*Task requirements*. From the listing below, retype exactly the line holding "Christmas Pocket Notebook", the line holding "PACKOUT 4-Drawer Tool", and the lines between them; skip everything else.

*Source data*.
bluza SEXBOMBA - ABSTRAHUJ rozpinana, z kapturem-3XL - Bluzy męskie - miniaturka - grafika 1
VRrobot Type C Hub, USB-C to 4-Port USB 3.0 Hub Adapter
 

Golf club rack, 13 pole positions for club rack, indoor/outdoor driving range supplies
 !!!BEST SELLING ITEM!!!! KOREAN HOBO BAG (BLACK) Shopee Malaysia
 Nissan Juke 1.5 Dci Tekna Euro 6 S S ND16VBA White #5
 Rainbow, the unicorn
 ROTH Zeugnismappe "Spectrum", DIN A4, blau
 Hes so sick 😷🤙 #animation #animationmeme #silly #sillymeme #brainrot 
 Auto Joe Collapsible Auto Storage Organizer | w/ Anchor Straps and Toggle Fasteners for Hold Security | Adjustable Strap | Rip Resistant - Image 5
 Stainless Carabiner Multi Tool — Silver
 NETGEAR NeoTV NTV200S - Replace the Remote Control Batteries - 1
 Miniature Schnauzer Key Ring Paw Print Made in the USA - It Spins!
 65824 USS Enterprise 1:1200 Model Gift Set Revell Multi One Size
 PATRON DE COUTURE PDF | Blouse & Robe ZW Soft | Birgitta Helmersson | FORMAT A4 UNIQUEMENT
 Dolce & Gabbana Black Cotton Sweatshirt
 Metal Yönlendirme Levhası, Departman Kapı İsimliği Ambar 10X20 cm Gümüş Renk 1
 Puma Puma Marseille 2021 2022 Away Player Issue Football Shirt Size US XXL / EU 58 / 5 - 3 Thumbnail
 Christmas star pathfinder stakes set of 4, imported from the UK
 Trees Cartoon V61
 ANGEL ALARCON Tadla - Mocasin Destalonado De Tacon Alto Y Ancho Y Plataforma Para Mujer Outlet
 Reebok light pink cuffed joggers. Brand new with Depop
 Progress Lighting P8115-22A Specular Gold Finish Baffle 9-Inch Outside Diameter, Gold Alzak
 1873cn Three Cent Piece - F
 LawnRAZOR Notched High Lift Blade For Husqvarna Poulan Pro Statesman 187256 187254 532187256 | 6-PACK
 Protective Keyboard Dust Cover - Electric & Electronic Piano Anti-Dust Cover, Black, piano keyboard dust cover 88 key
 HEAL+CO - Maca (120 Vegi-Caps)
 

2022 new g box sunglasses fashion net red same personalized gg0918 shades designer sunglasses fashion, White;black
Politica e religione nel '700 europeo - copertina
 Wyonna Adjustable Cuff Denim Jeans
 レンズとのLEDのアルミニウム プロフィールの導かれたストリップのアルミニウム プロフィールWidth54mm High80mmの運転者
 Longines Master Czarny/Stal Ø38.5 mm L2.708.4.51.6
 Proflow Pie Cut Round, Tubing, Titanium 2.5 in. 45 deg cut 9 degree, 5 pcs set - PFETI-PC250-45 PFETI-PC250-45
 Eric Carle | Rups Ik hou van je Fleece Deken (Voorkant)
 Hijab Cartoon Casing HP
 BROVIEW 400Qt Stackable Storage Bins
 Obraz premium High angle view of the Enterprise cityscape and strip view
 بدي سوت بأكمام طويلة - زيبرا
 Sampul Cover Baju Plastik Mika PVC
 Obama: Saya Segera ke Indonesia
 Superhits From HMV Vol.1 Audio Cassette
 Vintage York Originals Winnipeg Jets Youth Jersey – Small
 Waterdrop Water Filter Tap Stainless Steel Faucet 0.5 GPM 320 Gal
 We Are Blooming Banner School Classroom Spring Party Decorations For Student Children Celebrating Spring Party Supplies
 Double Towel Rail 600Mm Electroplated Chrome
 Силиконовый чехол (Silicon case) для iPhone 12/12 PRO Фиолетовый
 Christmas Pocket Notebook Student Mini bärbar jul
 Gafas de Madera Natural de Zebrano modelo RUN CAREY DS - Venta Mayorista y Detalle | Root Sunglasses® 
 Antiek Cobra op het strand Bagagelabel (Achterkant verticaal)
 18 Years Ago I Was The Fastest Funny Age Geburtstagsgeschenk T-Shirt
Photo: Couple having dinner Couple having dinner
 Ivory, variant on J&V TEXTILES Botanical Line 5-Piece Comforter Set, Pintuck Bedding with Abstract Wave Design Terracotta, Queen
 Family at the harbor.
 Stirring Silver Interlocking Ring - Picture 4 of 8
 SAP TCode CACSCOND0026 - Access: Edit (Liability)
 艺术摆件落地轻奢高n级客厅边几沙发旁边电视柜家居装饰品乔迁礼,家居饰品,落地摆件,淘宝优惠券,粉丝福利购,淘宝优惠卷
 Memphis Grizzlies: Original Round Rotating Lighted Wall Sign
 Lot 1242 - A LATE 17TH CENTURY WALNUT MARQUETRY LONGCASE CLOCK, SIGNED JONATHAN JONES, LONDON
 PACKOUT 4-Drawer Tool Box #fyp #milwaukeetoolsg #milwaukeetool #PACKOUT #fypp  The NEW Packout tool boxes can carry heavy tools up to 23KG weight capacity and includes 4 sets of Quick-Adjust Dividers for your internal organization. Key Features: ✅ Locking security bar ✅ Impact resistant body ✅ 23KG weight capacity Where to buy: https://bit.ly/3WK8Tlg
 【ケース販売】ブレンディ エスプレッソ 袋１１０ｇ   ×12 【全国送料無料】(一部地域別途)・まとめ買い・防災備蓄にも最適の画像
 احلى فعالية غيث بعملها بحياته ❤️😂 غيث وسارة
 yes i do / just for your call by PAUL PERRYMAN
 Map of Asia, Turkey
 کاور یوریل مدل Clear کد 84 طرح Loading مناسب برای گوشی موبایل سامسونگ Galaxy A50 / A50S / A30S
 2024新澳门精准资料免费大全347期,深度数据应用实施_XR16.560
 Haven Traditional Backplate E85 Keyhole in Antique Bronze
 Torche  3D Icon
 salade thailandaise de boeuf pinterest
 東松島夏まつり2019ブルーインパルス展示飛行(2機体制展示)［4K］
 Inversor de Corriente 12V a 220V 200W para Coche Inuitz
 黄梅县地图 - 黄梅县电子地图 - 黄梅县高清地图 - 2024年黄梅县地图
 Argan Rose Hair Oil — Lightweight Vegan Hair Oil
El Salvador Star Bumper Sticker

*Answer section*.
 Christmas Pocket Notebook Student Mini bärbar jul
 Gafas de Madera Natural de Zebrano modelo RUN CAREY DS - Venta Mayorista y Detalle | Root Sunglasses® 
 Antiek Cobra op het strand Bagagelabel (Achterkant verticaal)
 18 Years Ago I Was The Fastest Funny Age Geburtstagsgeschenk T-Shirt
Photo: Couple having dinner Couple having dinner
 Ivory, variant on J&V TEXTILES Botanical Line 5-Piece Comforter Set, Pintuck Bedding with Abstract Wave Design Terracotta, Queen
 Family at the harbor.
 Stirring Silver Interlocking Ring - Picture 4 of 8
 SAP TCode CACSCOND0026 - Access: Edit (Liability)
 艺术摆件落地轻奢高n级客厅边几沙发旁边电视柜家居装饰品乔迁礼,家居饰品,落地摆件,淘宝优惠券,粉丝福利购,淘宝优惠卷
 Memphis Grizzlies: Original Round Rotating Lighted Wall Sign
 Lot 1242 - A LATE 17TH CENTURY WALNUT MARQUETRY LONGCASE CLOCK, SIGNED JONATHAN JONES, LONDON
 PACKOUT 4-Drawer Tool Box #fyp #milwaukeetoolsg #milwaukeetool #PACKOUT #fypp  The NEW Packout tool boxes can carry heavy tools up to 23KG weight capacity and includes 4 sets of Quick-Adjust Dividers for your internal organization. Key Features: ✅ Locking security bar ✅ Impact resistant body ✅ 23KG weight capacity Where to buy: https://bit.ly/3WK8Tlg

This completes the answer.